"Habire alışveriş merkezi açılması iyiye mi alamet yoksa kötüye mi?" sorusu tartışıladursun, dün itibariyle İstanbul yeni bir alışveriş merkezi ya da o moda deyişle "yaşam alanı" daha kazandı:
City’s Nişantaşı. Aslında burayı mağazaları henüz ortada yokken, yaklaşık bir ay önce filan içeri sızıp gezmiştim. Yani atmosferine aşinayım.
Neyse, hazırsanız başlayalım, City’s olayı madde madde şudur arkadaşlar...
BİR GECE KULÜBÜ HAVASI MI VAR NEDİR
n Girişte otellerden aşina olduğumuz doorman’ler var. Taksiden inseniz dahi hemen kapınızı açıp içeriye buyur ediyorlar. Kendinizi otel ya da gece kulübüne gelmiş gibi hissediyorsunuz.
n Aslında City’s biraz da gece kulübü gibi. Öncelikle aydınlatmasından dolayı.
Burada o meşhurrr Akmerkez’in ışıl ışıl aydınlığından eser yok.
Sarı, gece mavisi ve daha bir sürü renge bürünen tavandaki aydınlatmalar gözü yormuyor, hatta bazen neredeyse loş bir ortam yaratıyor.
Ayrıca akşam saatlerinde dj müziği var. Suat Ateşdağlı ve ekibi yapıyor müziği.
n Bolca yürüyen merdiven var. En alt kattan en tepedeki kata çıkmak mesela, bayağı bir iş.
Asansör de var, ama yürüyen merdiven daha keyifli.
Ayrıca; ahşap giydirmeli yürüyen merdivenler, şık olmuş.
TAVSİYE: DENİZ YOSUNLU JELİ MINCIKLAMAYIN
n Öyle bilmem kaç metrakarelik, kendinizi kaybettiğiniz mağazalar yok. Tüm markalar küçük alanlara sığdırılmış. Hangi mağazalar mı var? Diğer alışveriş merkezlerinden farklı olarak Versace Jeans, Jean Paul Gaultier, Roberto Cavalli, Pura Lopez, Nike Woman, Galliano markaları mevcut.

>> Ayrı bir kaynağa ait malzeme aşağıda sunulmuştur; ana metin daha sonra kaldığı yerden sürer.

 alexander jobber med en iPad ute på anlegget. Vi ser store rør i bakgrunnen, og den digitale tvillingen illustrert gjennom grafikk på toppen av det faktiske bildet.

Bir de İngiliz doğal kozmetik markası Lush. İlginç şeyler var orada. Mesela deniz yosunundan yapılma duş jeli. Ama öyle şişede satılmıyor. Basbayağı açıkta, kaç gram istersen deniz yosunu jeli alıyorsun. Jel de tam silikon kıvamında, löp löp. Dokundum biraz, berbat bir histi.
n City’s’in asıl dikkat çekici yanı ise cafe-bar ve restoranları. Yani City’s ikinci bir Kanyon olacak diyebiliriz. Orada da alışverişten çok yeme-içme mekanları ilgi gördü ya, City’s’in kaderi de öyle olacak. Özellikle de gece 02.00’a kadar mekanlar açık kalabileceği için.
VE MEKANLAR
n En dikkat çekici mekanlar ise tasarımına bayıldığım Grey, Fransız esintili Cafe Clementine ve haftalar öncesinden popüler olan Its a Joke. Kebabıyla meşhur Venge’nin ise "Plus"ı var. Neden plus olduğu da öğrenildi hemen. Meğer kebap yokmuş Venge Plus’ta. Demek kebap olmayınca "plus" olunuyormuş (şaşırdım bebeğim)...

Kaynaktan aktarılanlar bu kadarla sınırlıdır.